United Way also shared an update on their advocacy and impact work.

Last year, United Way of Midland County offered their support for the State Earned Income Tax Credit increase. Their support, along with many other United Way’s, Chambers, Foundations and community organizations, helped shape the decisions being made that will significantly help families who fall below the ALICE threshold for years to come. United Way also offered equity challenges engaging over 200 people to help inform and educate about race and disability equity.

In addition to the yearly allocations, United Way offers SPARK funding for innovative programs that fill a gap in the community. These collective impact grants provide both funding and support to incubate collaborative ways to tackle persistent human service needs. United Way served as the backbone and deploys resources and capacity-building opportunities throughout the incubation.

To date, United Way has provided funding for innovative programs including ReGrow, College Confidence at Self Love Beauty, Lead2Read at The Legacy Center, Surplus Food Distribution at West Midland Family Center, Disability Survey for the Disability Coalition, Leveraging Income for Tomorrow (LIFT) in collaboration with 2-1-1 of Northeast Michigan, Friendly Connections, Coleman Community Market at the Greater Midland Coleman Family Center and eMentoring with local schools.

“SPARK is an idea that we’ve been developing for years,” shared Miller. “Beyond the compelling impact created through our partner agencies and volunteers, there are still persistent issues that need an innovative spark. It is a collective impact model that creates a community of stakeholders that can tackle an issue, co-creating systems and solutions that play to each of their strengths. At its very core, it is nimble, allowing for strategy and funding shifts throughout a continuous learning loop to ensure maximum impact. It places people at the center.”

United Way has a long history of incubating bold ideas. Some examples include Success by Six (which is now the Great Start Collaborative) and First Call for Help (now known as 211 of NE Michigan.

“We’ve had incredible success with the eight programs we’ve launched collaboratively and look forward to how these investments can help continue to move the needle collectively,” Miller shared.

United Way celebrated outgoing Board members Mauro Gregorio, President of Performance Materials & Coatings, and Mike Sharrow, Superintendent at Midland Pubic Schools.  Mauro served six years on the United Way of Midland County Board and shared his gratitude for the important work United Way does in our community. Sharrow was unable to attend the meeting but was recognized for his sound voice and insight shared during his seven-year service to the Board.

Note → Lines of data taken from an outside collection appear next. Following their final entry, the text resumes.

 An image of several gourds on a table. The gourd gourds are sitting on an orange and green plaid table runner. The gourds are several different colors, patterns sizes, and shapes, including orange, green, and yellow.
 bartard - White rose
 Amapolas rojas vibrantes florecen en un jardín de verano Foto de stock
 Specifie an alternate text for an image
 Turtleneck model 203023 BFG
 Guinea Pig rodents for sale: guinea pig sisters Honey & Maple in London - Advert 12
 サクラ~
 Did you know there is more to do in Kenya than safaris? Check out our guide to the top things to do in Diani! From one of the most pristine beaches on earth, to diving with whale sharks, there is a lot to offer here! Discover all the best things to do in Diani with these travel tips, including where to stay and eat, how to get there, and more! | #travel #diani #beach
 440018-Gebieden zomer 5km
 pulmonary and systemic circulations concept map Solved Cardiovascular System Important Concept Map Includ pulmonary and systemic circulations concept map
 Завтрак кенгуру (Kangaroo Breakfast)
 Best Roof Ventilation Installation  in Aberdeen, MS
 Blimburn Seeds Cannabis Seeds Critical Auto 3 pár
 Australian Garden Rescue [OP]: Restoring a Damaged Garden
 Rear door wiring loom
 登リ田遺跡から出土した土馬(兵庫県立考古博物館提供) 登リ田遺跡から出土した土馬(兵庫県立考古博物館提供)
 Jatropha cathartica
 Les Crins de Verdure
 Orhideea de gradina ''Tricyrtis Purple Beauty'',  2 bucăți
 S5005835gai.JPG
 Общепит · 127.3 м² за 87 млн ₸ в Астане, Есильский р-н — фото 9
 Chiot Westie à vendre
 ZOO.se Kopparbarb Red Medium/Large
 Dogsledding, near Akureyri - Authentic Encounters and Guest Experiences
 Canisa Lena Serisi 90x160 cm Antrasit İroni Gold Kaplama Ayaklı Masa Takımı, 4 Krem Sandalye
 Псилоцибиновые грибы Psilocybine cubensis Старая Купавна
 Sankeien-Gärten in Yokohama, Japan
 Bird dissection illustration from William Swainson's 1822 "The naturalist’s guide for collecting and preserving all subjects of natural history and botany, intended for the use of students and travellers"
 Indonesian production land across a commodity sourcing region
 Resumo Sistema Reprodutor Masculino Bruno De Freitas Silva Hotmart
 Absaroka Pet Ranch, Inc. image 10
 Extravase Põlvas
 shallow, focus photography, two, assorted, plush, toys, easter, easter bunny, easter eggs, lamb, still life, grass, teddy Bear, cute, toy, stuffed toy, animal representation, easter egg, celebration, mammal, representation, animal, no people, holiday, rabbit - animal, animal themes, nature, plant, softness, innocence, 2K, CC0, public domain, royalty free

The Board voted in new members Sinchan Banerjee, Global Process Owner – Procure to Pay with Dow, Penny Miller-Nelson, Associate Superintendent with Midland Public Schools and returning member Michael Gavin, Owner of Gavin and Associates.

The proposed slate of officers was approved naming Michael Gavin as Chair, Craig Stevens as Past Chair, Wally Mayton as Vice Chair, Patti Timm as Treasurer, Colin Broom as Secretary and Ann Beck as Community Impact Chair.

“As we celebrate the many success of last year, we also look forward,” shared Miller. “Our team is an incredible group of people with the most caring hearts, creative and innovative spirits and a drive to create change within our community. I’m so proud of the work our team does each and every day to ensure there is help in our community for the folks who need it most.”